EMILIA: Wiedersehen, Herr Holmes. (geht raus)
WATTSEN: Ich passe auf, dass sie draußen niemanden anschießt. (geht raus)
SHYLOCK: Guter Gedanke. (geht zu seinem Computer) Ich glaube, weibliche Waffennarren sind genauso wie weibliche Kegelclubs in Zügen – schlimm, aber auf eine andere Art schlimm als Männer. Nur gut, dass meine Partnerin keine Waffe hat. Wenn sie wüsste, dass ich unsere Firma beim Wetten verloren habe… Naja, sie muss es ja nicht wissen. Noch hab ich die Möglichkeit, sie zurück zu gewinnen. Mal sehen, wie meine Quoten stehen!
Dritte Szene
(Die Wohnung. Wattsen kommt herein. Sie ist in Begleitung von Werner Hirthe.)
WERNER: Und Sie sind ganz sicher, dass ich nicht zu früh bin?
WATTSEN: Sie sind absolut pünktlich.
WERNER: Gut. Ich wollte nicht zu früh kommen.

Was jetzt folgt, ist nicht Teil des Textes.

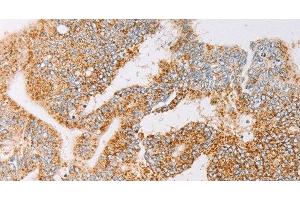 Immunohistochemistry of paraffin-embedded Human colon cancer tissue using YARS2 Polyclonal Antibody at dilution 1:30 (YARS2 Antikörper)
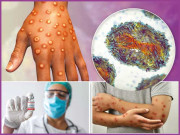 منکی پاکس کی علامات اور حفاظی تدابیر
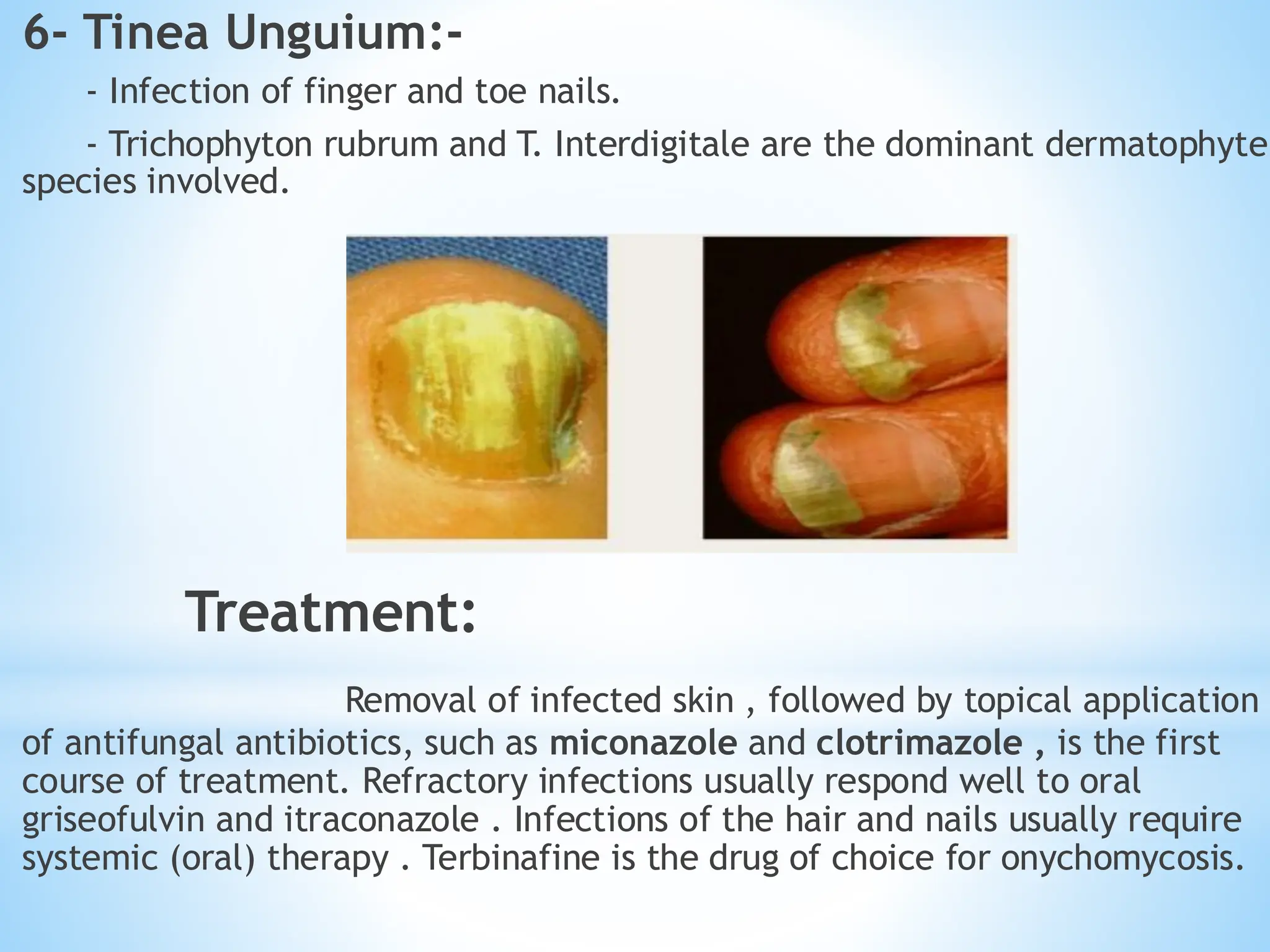 6- Tinea Unguium:-
- Infection of finger and toe nails.
- Trichophyton rubrum and T. Interdigitale are the dominant dermatophyte
species involved.
Treatment:
Removal of infected skin , followed by topical application
of antifungal antibiotics, such as miconazole and clotrimazole , is the first
course of treatment. Refractory infections usually respond well to oral
griseofulvin and itraconazole . Infections of the hair and nails usually require
systemic (oral) therapy . Terbinafine is the drug of choice for onychomycosis.
 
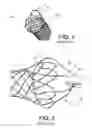 Fig. 02 - INTEGRATED STENT RETRIEVAL LOOP ADAPTED FOR SNARE REMOVAL AND/OR OPTIMIZED PURSE STRINGING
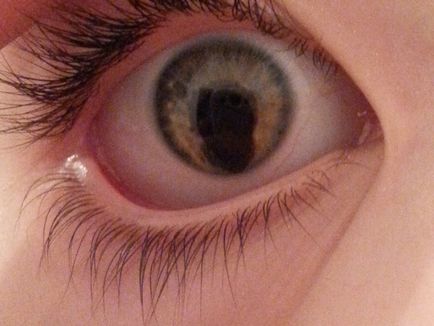 Coloboma a irisului și secole cum să recunoască această boală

WATTSEN: Seien Sie unbesorgt.
WERNER: Danke. Darf ich mal Ihre Toilette benutzen?
WATTSEN: Natürlich. (sie führt ihn durch den Raum) Das ist übrigens mein Kollege, Shylock Holmes.
SHYLOCK: Hallo.
WERNER: Ich muss Ihre Toilette benutzen. (verschwindet durch die Tür)
SHYLOCK: Ist der nicht etwas früh dran?
WATTSEN: Lass das! Und woher willst du das wissen, immerhin habe ich die Zeugen eingeladen.
SHYLOCK: Ich dachte, es wären Verdächtige.